Howl! Happening is pleased to present Homo Eruptus, a new body of work by Scooter LaForge including large, mural-size paintings that mine the artist’s fertile inner emotional realm. Whether it’s expressed on the mammoth pictorial canvases on view at the gallery, or a t-shirt or cast-off article of clothing—Scooter paints with an earnestness that responds in the moment to what he sees and hears and feels about the world around him. Prehistoric cave paintings and the erotic murals of Pompeii mix with childhood memories and his experiences as a gay youth in leather bars, creating an orgy of images that personalize and tap into the emotional content of his daily life and current interests.
Moving from canvas to canvas, everything exists simultaneously for Scooter—the passionate, the arousing, the disturbing. Immediate and unmediated, he “hits” his canvases like a graffiti artist. With a painterly agility bordering on the absurd, his canvases are focused because of the very centrality and honesty of his emotions—the unmitigated awareness of his odyssey and the plasticity of his medium become a unifying force in the story and visuals of his work.
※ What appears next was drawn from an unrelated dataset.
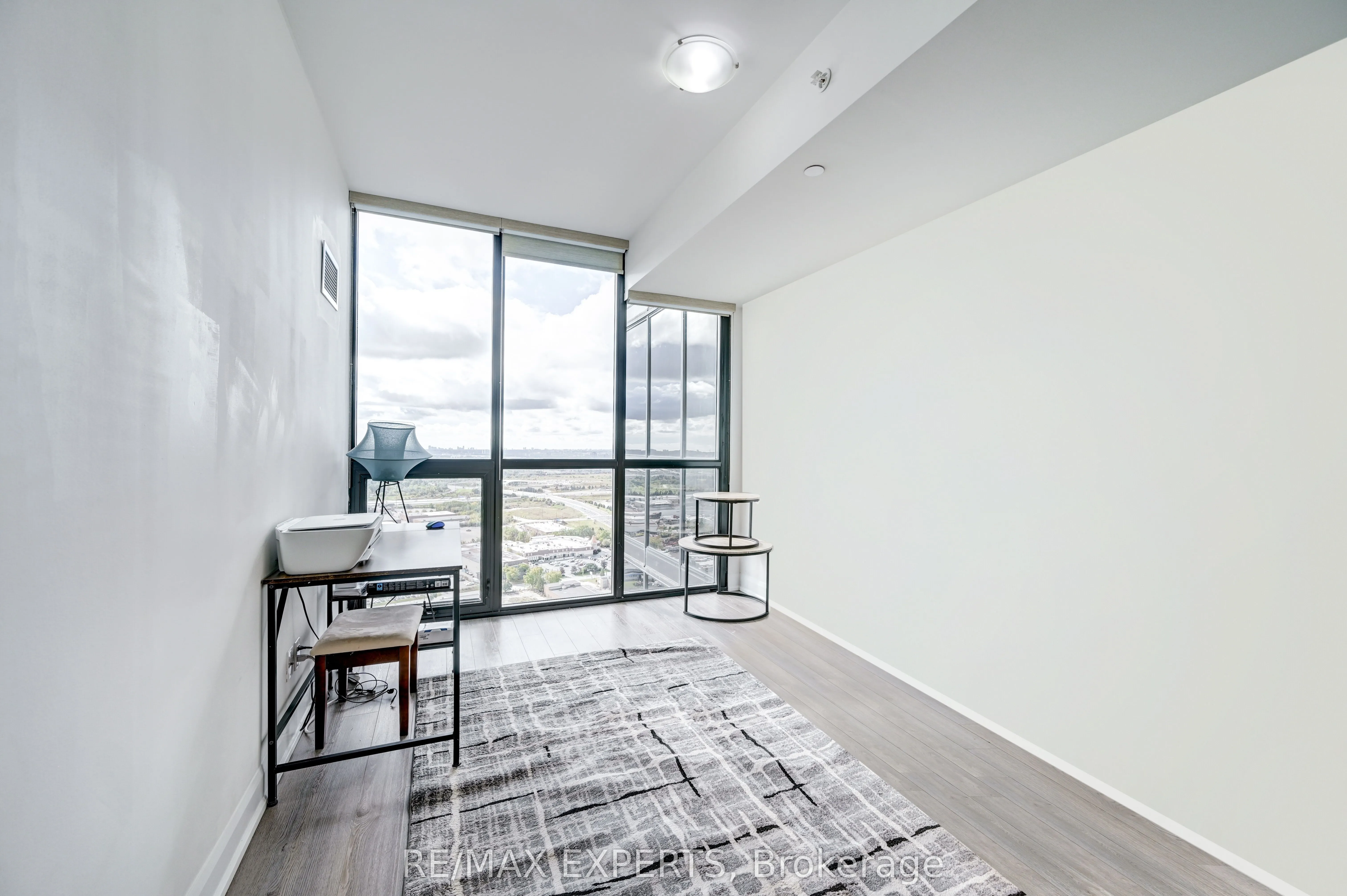 2910 Highway 7 Road W, #3002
“What impresses me is the urgency with which he paints—the fluidity—his vulnerability and knowing subversiveness,” says Jane Friedman, Executive Director of Howl! Happening.
Scooter understands the rules of painting and adapts well to the nature of whatever surface presents itself—canvas, wall, ceramic object, piece of clothing, bag, or pair of shoes—the gender fluidity, the homoerotic, the fairy tale energy are one with the artwork.
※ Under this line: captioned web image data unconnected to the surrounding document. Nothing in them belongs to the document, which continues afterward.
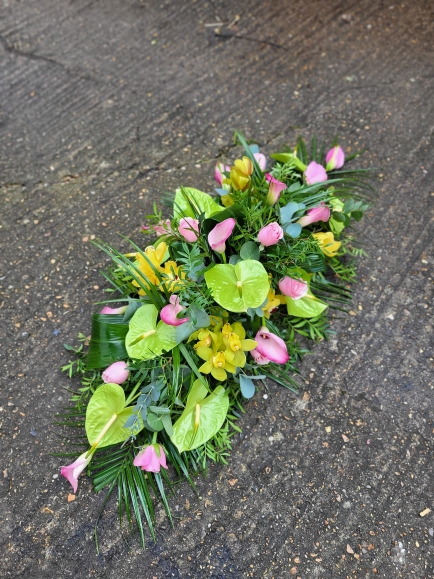 Coffin spray from Co OP funeral care Brochure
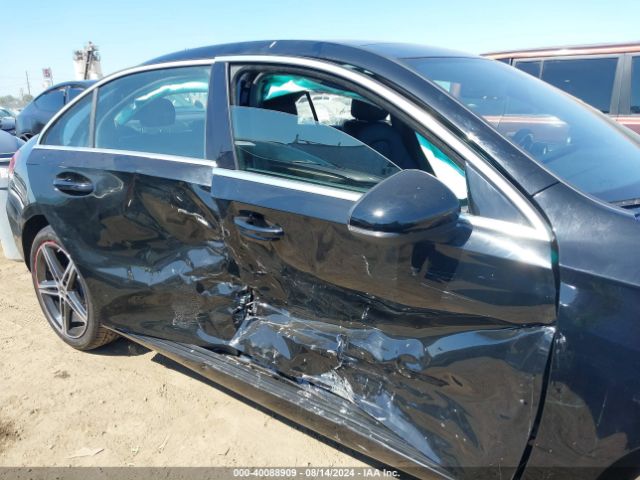 W1K3G4EB6NJ376123 Mercedes-Benz A 220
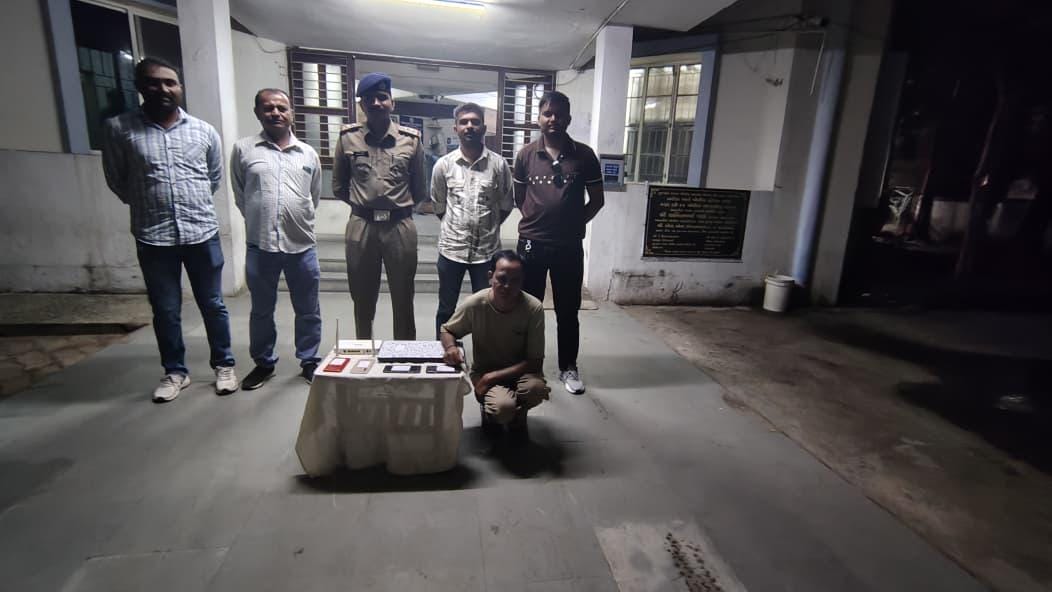 Gujarat Police bust illegal call centre targeting US citizens in fake loan insurance scam (Photo: IANS)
Despite the recognizable pop culture imagery, his painting is not a linear narrative about bunnies and bears and SpongeBob. There is a dark cloud that hangs over the fairy tale creatures and myths of his artmaking. Bed bugs, dope, addiction, and the excesses of underground gluttony at sex clubs are also part of his experience and therefore an integral part of his painting. That dark cloud can be seen literally within a large mural he recently painted for a gay and lesbian youth center in Tel Aviv where four teens were murdered. That cloud restores complexity and reinstates the balance of delight and dread that is a hallmark of his work.